**YOUR TASK**
Begin at the line with "Snapshot of vivien_leight" and return each line through the final one of the listing below, exactly as written.

**DATA TO PROCESS**

————

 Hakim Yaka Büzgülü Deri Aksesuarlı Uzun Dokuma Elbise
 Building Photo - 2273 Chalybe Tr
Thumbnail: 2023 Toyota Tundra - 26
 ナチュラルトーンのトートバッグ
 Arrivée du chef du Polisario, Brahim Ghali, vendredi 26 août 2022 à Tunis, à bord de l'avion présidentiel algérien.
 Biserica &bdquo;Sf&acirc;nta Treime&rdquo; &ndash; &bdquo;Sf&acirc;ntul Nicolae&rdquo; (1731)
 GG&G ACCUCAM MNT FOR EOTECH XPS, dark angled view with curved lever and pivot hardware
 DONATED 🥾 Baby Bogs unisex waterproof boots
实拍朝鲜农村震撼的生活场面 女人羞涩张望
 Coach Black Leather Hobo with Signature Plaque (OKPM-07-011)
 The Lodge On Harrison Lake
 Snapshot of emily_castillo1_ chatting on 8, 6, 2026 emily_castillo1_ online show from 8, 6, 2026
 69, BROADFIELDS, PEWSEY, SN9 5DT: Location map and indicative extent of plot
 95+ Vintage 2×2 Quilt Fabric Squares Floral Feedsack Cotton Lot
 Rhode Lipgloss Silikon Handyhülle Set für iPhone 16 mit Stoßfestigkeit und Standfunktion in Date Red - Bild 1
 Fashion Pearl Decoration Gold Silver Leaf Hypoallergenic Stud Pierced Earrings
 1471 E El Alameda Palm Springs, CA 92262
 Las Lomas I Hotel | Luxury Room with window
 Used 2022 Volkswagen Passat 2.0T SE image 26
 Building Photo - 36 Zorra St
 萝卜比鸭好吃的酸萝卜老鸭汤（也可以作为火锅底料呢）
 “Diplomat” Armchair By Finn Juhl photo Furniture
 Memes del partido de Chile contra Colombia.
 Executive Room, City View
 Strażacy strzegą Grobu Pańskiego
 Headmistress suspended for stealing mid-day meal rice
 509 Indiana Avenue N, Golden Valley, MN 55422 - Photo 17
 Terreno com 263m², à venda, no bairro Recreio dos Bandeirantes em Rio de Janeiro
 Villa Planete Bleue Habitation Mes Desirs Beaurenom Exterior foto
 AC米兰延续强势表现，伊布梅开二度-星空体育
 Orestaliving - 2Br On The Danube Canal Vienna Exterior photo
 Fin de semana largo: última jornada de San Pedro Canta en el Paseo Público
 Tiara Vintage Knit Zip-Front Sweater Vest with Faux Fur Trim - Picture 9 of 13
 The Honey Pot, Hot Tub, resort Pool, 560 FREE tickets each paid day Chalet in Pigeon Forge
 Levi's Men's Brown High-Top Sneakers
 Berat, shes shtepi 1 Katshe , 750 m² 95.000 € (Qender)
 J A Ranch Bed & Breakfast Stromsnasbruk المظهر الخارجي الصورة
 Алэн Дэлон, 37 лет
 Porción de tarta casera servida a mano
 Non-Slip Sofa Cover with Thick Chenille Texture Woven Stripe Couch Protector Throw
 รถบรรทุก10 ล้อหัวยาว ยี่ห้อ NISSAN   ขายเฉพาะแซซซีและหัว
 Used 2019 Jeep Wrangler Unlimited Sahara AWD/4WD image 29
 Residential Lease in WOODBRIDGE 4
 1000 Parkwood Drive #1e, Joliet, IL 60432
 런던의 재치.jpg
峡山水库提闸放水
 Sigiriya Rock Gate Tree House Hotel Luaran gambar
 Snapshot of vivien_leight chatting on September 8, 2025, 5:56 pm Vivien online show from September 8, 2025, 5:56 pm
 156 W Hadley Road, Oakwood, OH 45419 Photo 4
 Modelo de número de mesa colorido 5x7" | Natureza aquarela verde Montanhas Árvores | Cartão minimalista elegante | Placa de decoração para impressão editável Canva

————

**RESPONSE TO THIS EXERCISE**
 Snapshot of vivien_leight chatting on September 8, 2025, 5:56 pm Vivien online show from September 8, 2025, 5:56 pm
 156 W Hadley Road, Oakwood, OH 45419 Photo 4
 Modelo de número de mesa colorido 5x7" | Natureza aquarela verde Montanhas Árvores | Cartão minimalista elegante | Placa de decoração para impressão editável Canva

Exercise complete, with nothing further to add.